[ExI] Safety of human-like motivation systems [WAS Re: Oxford scientists...]

Wed Feb 2 16:40:39 UTC 2011

Kelly Anderson wrote:
> On Mon, Jan 31, 2011 at 12:05 PM, Richard Loosemore <rpwl at lightlink.com> wrote:
>> Kelly Anderson wrote:

>>> Richard, do you think computers will achieve Strong AI eventually?
>> Kelly, by my reckoning I am one of only a handful of people on this planet
>> with the ability to build a strong AI, and I am actively working on the
>> problem (in between teaching, fundraising, and writing to the listosphere).
> 
> That's fantastic, I truly hope you succeed. If you are working to
> build a strong AI, then you must believe it is possible.

I certainly believe that strong AI is possible.

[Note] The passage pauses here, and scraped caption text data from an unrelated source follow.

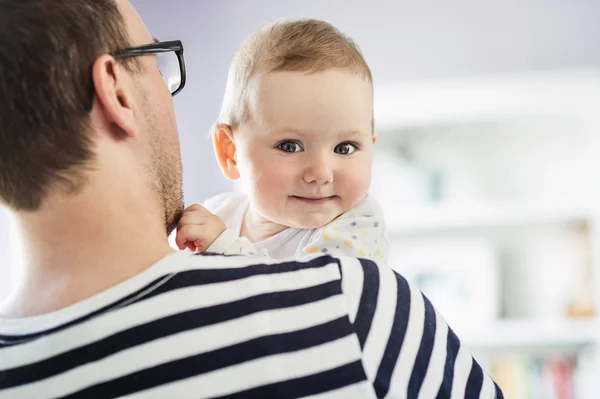 Papai segurando sua filha — Fotografia de Stock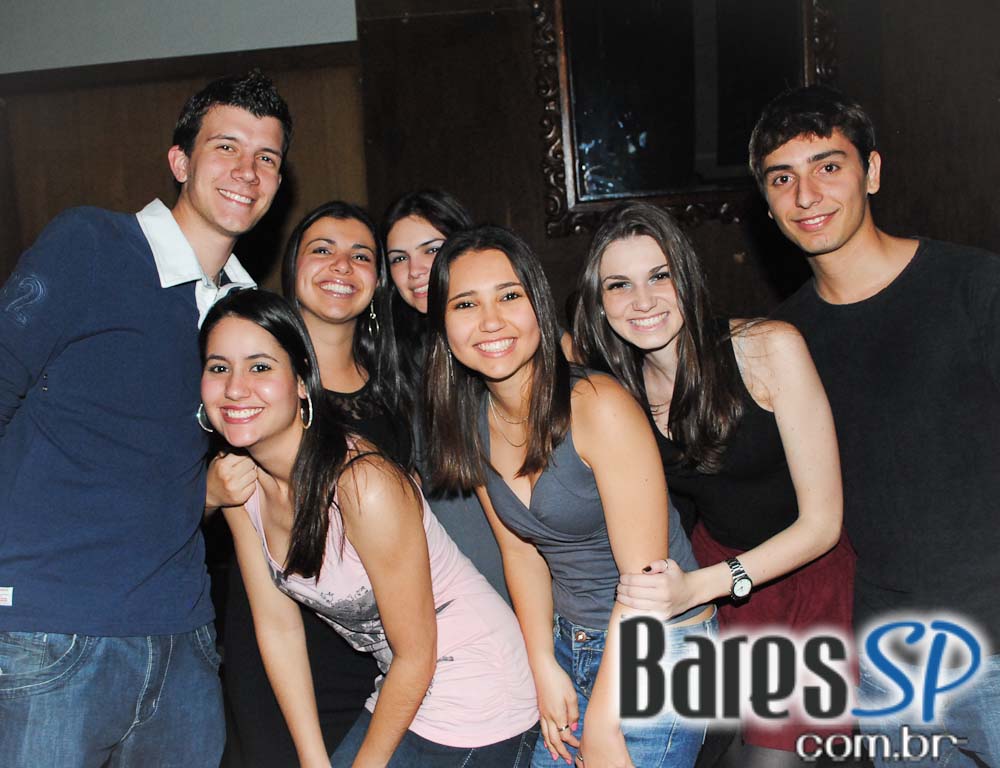 Cardozo Bar teve festa Micareta Sertaneja com a dupla Roger e Eduardo e o grupo SB5 Cardozo Bar teve festa Micareta Sertaneja com a dupla Roger e Eduardo e o grupo SB5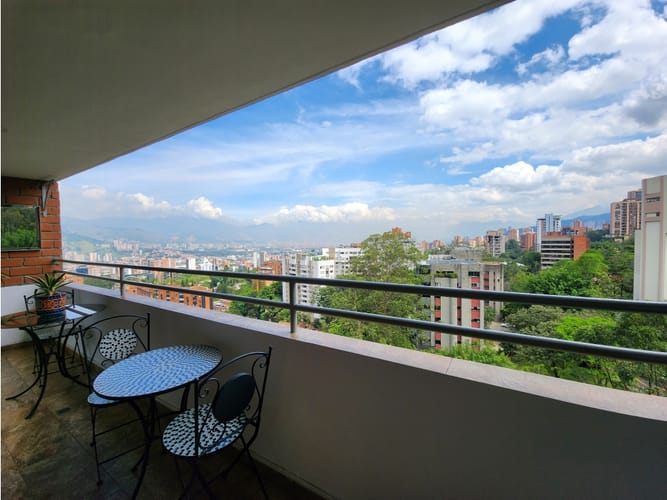Apartamento de 3 alcobas en venta en San Lucas, Medellín, 190 m² · foto 8 de 24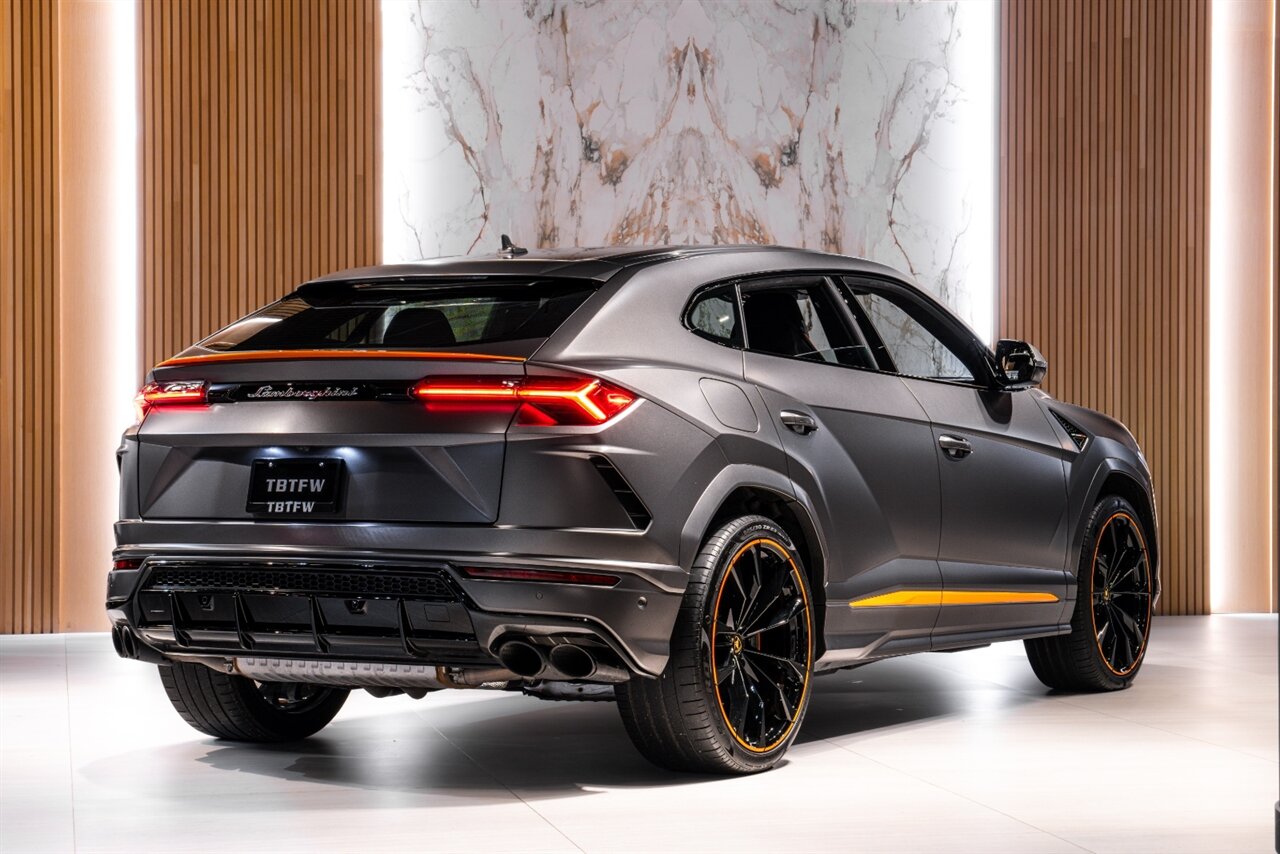 2022 Lamborghini Urus - Photo 4 - Beverly Hills, CA 90212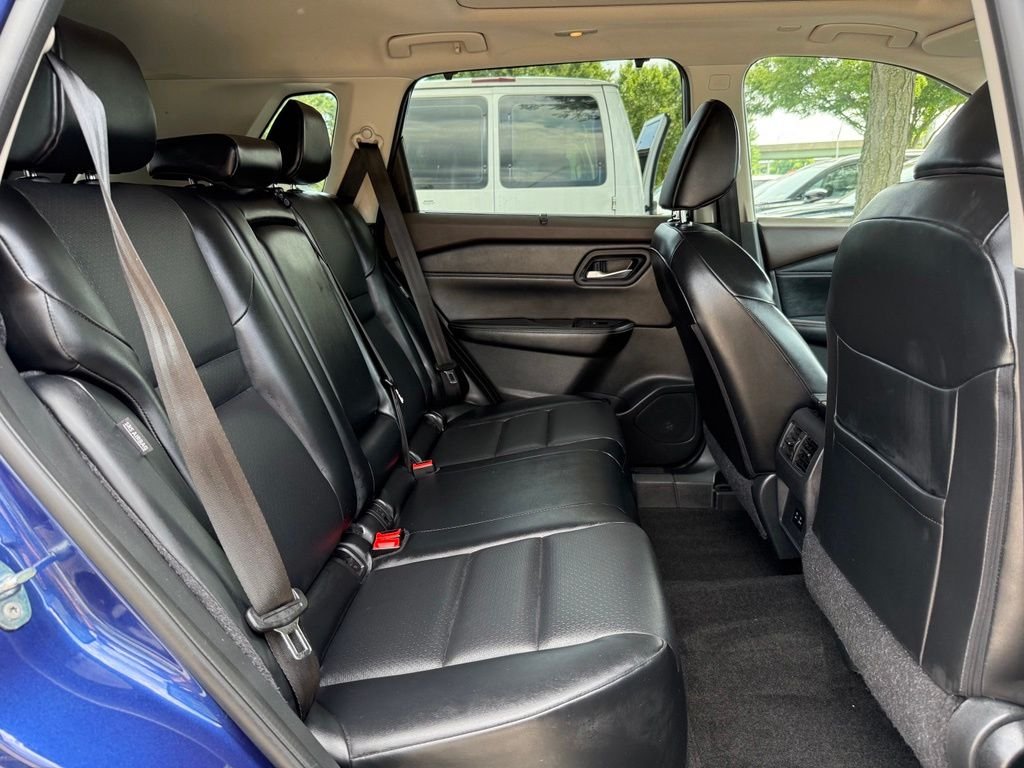 Used 2023 Caspian Blue Nissan SV image 30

> I have spent about the last two hours reading your papers, web site,
> etc. You have an interesting set of ideas, and I'm still digesting it.
> 
> One question comes up from your web site, I quote:
> 
> "One reason that we emphasize human-mind-like systems is safety. The
> motivation mechanisms that underlie human behavior are quite unlike
> those that have traditionally been used to control the behavior of AI
> systems. Our research indicates that the AI control mechanisms are
> inherently unstable, whereas the human-like equivalent can be
> engineered to be extremely stable."
> 
> Are you implying that humans are safe? If so, what do you mean by safety?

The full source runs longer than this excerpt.